Major Proposal Up for Council Vote Seeks to Vastly Expand Mass Transit Use

City Council this week will take the biggest step yet in changing the way transportation and development occurs in San Antonio in the coming decades, News Radio 1200 WOAI reports.

Council will give final approval to the SA Corridors plan, which will designate 12 major throughfares across the city, like San Pedro, Nacogdoches, and Fredericksburg Roads, as 'VIA Corridors,' with a designated mass transit-only lane on each road, much like an HOV lane on a surface street.

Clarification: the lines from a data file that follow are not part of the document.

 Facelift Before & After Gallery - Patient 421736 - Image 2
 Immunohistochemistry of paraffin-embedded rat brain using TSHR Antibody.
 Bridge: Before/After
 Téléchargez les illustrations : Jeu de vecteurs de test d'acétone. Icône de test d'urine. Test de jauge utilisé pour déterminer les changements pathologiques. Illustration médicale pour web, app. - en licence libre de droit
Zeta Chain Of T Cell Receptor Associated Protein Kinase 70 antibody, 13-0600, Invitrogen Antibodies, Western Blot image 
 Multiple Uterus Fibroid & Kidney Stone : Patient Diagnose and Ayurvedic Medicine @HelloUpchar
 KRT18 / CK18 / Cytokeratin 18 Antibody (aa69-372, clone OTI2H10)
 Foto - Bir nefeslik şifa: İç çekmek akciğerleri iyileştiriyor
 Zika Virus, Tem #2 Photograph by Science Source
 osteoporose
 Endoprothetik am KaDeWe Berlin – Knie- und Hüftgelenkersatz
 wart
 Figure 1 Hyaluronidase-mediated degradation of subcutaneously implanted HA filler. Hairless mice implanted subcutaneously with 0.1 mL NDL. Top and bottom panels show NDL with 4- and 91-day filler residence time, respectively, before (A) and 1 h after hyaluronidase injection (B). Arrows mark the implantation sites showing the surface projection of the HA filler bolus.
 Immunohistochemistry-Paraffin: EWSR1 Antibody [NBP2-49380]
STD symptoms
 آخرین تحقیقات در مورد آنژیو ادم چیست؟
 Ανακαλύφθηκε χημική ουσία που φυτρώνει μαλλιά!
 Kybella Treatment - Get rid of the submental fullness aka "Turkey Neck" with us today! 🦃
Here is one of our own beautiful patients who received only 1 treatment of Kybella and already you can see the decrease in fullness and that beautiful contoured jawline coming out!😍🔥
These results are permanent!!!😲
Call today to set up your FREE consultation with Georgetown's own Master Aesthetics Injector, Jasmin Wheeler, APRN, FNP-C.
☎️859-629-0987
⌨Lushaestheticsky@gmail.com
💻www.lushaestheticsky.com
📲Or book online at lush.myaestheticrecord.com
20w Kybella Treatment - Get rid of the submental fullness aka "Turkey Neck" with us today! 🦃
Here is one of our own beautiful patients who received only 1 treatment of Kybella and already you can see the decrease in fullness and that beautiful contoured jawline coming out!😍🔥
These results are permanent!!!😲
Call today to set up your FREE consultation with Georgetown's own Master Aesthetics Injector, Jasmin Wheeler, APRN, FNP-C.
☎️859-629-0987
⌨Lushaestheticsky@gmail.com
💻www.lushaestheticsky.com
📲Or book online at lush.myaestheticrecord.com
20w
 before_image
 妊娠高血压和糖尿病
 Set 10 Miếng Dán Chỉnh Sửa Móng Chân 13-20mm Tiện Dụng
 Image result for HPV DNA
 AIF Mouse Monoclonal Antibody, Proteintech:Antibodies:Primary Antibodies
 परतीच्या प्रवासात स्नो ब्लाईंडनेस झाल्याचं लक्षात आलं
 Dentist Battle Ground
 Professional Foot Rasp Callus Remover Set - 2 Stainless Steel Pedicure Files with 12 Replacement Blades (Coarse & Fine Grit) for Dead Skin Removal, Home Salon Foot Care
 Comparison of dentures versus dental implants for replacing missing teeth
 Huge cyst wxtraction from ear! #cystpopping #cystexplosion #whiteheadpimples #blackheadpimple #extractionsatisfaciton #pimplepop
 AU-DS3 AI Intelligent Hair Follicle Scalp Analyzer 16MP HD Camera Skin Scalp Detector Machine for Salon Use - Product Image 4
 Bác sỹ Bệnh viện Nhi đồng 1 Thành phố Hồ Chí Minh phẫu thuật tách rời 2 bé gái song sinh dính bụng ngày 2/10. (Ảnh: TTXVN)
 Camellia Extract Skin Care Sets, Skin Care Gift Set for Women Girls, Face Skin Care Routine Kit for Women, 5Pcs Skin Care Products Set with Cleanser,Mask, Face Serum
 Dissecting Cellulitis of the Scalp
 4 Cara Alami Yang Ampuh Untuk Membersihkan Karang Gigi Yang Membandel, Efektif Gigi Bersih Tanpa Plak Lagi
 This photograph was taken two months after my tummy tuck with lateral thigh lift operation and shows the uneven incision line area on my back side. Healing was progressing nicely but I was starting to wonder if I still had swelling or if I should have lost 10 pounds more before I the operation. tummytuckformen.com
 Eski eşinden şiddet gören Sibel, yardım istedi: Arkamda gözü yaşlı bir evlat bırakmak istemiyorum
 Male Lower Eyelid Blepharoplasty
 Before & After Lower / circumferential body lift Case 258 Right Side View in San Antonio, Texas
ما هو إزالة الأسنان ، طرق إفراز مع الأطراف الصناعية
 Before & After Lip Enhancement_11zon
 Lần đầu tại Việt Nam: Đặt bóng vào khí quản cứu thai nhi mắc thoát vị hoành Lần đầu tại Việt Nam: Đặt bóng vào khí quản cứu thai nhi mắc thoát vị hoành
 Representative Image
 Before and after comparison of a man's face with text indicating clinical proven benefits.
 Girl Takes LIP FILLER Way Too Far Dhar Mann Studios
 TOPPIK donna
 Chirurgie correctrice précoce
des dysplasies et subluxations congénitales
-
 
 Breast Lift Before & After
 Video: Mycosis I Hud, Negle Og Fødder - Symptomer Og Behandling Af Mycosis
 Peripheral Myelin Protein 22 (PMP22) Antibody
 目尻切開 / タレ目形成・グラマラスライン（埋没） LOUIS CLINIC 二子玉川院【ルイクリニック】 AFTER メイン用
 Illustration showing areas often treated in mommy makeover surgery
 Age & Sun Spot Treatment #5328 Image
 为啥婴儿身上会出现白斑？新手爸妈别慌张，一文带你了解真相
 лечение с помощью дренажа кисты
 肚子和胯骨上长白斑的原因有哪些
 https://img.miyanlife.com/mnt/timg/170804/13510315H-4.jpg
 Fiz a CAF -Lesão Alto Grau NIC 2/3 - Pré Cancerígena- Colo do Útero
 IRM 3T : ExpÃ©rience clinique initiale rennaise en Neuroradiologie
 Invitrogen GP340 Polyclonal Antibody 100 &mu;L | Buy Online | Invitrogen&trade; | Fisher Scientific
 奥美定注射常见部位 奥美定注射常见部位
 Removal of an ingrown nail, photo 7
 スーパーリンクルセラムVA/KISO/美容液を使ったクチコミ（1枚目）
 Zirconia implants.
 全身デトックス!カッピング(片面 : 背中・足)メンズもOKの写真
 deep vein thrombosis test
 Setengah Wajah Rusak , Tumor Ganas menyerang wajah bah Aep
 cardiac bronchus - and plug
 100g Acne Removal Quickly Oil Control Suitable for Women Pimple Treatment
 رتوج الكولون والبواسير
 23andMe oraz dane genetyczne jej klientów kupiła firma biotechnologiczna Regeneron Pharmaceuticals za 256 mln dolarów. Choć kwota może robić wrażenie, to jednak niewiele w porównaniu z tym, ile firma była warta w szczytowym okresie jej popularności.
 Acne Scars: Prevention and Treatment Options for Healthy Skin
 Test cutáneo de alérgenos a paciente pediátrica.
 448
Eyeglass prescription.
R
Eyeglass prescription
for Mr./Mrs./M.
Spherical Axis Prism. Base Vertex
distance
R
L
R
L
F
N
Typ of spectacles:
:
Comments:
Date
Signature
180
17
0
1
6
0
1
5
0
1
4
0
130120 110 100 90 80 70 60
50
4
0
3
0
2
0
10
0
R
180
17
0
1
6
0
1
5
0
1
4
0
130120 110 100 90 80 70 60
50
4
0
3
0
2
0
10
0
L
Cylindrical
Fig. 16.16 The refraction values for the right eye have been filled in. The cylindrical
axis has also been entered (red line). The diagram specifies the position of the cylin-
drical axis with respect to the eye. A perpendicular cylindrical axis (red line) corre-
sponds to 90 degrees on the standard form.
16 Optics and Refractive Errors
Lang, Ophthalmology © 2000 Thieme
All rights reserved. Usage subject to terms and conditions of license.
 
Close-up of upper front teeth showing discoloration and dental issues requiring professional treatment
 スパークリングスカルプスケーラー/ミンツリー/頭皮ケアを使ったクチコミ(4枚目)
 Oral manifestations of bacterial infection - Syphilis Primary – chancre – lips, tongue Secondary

VIA President Jeff Arndt says that means the bus will be able to travel on its own lane on surface streets, just like the HOV lanes currently under construction on I-10 and US 281.

"It gives you highly reliable travel time, fast travel time, high frequency," he said.  "Those are the kinds of ingredients with are, quite frankly, not present in the current bus system."

He says the buses which travel in their own lanes will make infrequent stops, and will be able to bypass the traffic jams and wrecks which slow traffic during morning and afternoon commutes.  He says people won't take the bus if they're just going to sit in the same traffic jams as people in their cars.

"The primary thing is, the service itself is high frequency, limited stops, and more reliable."

Arndt says, with the vote of the people, which is required under the City Charter, the 'bus only' lanes on the SA Corridors could also be used for light rail.

And then, the city will incentivize the development of offices, shops, small businesses, and housing developments along or near the corridors, to make using mass transit more attractive.

"The City will be adopting a framework for how you will deal with land use planning, incentives and regulation, that are near the nodes along the rapid transit corridor."

The idea is to build what are called 'transit communities,' that will not only convince middle class commuters to stop driving alone in their cars.  City planners say as San Antonio grows in the coming two decades, that current situation will become unsustainable, especially in a city that currently sprawls over 500 square miles.

"Transit cannot run effectively if destinations, people and jobs are spread out and difficult to access," states the master plan for the corridors project.  "Transit supported places give residents and workers a range of mobility options and recreational opportunities, as well as access to key destinations, like work and school, within a short distance to home."

Arndt predicts that by 2030, as the SA Corridors plan is placed into operation, San Antonio transit patterns will change dramatically, with middle class commuters utilizing mass transit far more frequently, as is currently done in transit friendly communities like Chicago, New York, and San Francisco, and, increasingly, in Dallas and Austin.